### Given information
# # # #

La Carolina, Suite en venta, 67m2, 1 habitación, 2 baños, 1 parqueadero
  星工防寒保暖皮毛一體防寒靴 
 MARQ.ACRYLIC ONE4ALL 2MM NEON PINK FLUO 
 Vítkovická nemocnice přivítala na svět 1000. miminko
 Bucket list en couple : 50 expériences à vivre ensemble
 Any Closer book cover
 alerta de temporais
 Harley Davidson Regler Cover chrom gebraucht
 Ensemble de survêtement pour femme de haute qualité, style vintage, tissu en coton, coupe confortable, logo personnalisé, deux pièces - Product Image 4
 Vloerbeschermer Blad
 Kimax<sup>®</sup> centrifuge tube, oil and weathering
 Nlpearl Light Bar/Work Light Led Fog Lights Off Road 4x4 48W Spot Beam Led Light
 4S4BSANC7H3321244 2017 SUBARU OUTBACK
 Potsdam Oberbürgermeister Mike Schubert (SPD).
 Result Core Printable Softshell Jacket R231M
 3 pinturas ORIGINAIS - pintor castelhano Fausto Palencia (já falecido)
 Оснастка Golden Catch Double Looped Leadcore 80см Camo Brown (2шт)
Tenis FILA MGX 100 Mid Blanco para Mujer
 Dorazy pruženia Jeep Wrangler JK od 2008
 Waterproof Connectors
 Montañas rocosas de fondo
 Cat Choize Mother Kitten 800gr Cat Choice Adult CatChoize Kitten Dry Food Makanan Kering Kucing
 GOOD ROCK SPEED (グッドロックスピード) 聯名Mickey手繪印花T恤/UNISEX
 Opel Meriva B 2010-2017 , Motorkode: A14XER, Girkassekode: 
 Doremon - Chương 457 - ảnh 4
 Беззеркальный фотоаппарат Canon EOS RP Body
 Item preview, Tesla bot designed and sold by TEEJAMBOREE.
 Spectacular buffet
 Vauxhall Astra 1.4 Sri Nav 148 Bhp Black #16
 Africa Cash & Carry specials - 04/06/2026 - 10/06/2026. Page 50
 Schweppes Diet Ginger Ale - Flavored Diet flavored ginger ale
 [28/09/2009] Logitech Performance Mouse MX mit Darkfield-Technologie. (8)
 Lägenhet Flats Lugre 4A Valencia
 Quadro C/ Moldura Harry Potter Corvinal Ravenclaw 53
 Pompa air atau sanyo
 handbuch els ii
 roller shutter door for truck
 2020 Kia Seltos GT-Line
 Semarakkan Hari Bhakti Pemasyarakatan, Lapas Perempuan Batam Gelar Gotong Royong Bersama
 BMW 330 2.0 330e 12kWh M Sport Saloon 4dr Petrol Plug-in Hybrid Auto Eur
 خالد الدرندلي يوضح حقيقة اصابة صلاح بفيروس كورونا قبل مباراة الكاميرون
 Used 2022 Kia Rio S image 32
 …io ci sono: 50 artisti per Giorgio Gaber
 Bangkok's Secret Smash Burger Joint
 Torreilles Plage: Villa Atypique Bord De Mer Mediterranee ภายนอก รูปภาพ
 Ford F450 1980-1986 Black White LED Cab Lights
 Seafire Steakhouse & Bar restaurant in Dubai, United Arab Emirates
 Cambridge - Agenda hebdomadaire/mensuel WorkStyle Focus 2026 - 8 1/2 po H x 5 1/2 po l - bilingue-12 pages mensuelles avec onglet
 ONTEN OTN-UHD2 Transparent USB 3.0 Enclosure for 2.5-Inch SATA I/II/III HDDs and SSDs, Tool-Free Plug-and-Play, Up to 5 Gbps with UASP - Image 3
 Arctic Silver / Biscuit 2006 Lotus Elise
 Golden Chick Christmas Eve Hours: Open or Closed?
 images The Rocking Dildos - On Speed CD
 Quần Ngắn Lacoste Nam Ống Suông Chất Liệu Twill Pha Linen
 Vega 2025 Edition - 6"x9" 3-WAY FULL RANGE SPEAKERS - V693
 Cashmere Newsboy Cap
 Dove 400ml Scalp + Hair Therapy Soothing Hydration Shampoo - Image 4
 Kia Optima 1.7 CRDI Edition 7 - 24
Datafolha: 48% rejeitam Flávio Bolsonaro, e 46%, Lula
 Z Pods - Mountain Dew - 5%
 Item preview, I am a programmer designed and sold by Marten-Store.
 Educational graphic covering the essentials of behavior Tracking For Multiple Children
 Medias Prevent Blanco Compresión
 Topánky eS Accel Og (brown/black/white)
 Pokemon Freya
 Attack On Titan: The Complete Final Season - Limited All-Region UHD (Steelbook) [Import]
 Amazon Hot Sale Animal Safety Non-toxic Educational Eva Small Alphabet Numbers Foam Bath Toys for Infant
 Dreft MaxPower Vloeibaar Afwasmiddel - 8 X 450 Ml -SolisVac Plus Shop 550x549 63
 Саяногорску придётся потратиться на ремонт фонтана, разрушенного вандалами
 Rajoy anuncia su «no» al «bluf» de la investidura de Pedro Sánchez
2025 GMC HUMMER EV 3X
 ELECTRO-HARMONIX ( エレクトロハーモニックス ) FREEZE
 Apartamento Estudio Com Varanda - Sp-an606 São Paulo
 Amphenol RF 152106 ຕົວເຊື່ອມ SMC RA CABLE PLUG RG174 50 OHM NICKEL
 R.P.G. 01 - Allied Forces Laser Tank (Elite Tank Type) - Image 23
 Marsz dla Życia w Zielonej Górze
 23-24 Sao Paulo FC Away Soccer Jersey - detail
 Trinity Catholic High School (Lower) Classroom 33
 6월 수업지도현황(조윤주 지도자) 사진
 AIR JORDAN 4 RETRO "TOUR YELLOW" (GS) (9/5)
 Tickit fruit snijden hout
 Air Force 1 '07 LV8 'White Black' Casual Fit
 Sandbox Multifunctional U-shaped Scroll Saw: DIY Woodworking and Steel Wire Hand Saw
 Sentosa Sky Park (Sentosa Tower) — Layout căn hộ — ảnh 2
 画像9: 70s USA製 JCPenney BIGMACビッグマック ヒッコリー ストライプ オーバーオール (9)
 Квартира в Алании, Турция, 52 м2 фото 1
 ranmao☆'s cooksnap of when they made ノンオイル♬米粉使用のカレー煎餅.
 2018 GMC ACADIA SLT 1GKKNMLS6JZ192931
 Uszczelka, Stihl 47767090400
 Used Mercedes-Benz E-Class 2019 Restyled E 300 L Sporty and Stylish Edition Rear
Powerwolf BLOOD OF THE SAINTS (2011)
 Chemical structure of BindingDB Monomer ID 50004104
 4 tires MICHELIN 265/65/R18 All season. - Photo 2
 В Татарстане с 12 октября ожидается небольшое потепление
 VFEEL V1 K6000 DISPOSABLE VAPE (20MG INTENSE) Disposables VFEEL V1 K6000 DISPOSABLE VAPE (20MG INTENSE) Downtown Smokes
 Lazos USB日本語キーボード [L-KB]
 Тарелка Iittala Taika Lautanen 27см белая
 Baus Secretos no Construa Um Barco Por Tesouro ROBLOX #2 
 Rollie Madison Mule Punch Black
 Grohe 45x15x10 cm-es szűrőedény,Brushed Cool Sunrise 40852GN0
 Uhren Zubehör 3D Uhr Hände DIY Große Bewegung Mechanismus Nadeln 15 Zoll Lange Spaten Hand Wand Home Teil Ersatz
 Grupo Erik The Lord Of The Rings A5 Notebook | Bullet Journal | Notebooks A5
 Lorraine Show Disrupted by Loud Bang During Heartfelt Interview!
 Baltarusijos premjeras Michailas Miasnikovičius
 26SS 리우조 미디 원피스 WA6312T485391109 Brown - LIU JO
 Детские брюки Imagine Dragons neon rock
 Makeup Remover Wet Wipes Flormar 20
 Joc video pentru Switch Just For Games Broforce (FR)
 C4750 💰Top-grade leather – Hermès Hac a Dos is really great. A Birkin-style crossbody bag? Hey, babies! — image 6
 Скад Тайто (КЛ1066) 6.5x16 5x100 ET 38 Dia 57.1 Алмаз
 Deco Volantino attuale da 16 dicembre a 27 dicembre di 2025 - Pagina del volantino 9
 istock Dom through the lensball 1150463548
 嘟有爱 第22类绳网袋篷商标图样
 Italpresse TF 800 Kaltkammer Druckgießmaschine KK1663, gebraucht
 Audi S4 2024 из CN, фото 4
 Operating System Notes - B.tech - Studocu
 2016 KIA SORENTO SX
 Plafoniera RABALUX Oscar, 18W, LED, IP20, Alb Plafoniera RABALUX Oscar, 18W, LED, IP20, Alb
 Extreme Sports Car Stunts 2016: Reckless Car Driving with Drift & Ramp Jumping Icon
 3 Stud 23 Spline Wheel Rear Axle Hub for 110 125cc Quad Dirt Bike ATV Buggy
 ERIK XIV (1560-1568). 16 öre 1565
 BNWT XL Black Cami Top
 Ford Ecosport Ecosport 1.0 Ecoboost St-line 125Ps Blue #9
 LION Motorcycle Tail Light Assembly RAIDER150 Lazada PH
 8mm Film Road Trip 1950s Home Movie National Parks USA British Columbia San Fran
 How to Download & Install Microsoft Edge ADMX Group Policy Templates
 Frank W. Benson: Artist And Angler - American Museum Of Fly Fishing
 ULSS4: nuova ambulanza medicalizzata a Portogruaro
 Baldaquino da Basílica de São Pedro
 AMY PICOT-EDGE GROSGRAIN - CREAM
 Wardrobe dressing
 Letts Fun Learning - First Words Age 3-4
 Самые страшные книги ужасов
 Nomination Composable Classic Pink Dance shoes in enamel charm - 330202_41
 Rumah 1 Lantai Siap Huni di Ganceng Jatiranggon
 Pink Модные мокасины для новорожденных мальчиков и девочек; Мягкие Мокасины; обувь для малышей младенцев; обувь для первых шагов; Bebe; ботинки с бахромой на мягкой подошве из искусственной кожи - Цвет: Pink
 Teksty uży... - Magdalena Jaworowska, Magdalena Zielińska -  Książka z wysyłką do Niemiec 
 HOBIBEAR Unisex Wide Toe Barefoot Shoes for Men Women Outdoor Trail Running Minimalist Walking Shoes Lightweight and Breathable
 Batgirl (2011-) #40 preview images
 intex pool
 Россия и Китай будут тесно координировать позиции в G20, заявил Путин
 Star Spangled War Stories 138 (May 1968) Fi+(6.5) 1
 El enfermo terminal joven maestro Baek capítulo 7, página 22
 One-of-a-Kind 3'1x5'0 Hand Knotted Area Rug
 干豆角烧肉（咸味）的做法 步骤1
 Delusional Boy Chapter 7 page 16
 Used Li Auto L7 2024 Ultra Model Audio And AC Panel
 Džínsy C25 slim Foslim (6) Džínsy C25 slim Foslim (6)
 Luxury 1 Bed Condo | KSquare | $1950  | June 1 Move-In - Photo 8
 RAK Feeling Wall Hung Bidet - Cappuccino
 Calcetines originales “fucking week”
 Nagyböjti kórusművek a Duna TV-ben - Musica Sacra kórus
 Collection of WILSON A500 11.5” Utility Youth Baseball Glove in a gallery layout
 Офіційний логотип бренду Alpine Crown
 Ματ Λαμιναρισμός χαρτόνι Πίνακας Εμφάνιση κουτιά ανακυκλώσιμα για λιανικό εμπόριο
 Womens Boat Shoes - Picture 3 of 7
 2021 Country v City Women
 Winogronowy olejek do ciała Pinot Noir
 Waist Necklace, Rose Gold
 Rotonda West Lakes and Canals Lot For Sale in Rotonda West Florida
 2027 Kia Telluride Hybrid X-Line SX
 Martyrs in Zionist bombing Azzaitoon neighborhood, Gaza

# # # #

### Activity
Reproduce exactly the stretch of the material above that starts at the line with "Скад Тайто (КЛ1066)" and ends at the line with "Ford Ecosport Ecosport", both included, and nothing else.

### Output
 Скад Тайто (КЛ1066) 6.5x16 5x100 ET 38 Dia 57.1 Алмаз
 Deco Volantino attuale da 16 dicembre a 27 dicembre di 2025 - Pagina del volantino 9
 istock Dom through the lensball 1150463548
 嘟有爱 第22类绳网袋篷商标图样
 Italpresse TF 800 Kaltkammer Druckgießmaschine KK1663, gebraucht
 Audi S4 2024 из CN, фото 4
 Operating System Notes - B.tech - Studocu
 2016 KIA SORENTO SX
 Plafoniera RABALUX Oscar, 18W, LED, IP20, Alb Plafoniera RABALUX Oscar, 18W, LED, IP20, Alb
 Extreme Sports Car Stunts 2016: Reckless Car Driving with Drift & Ramp Jumping Icon
 3 Stud 23 Spline Wheel Rear Axle Hub for 110 125cc Quad Dirt Bike ATV Buggy
 ERIK XIV (1560-1568). 16 öre 1565
 BNWT XL Black Cami Top
 Ford Ecosport Ecosport 1.0 Ecoboost St-line 125Ps Blue #9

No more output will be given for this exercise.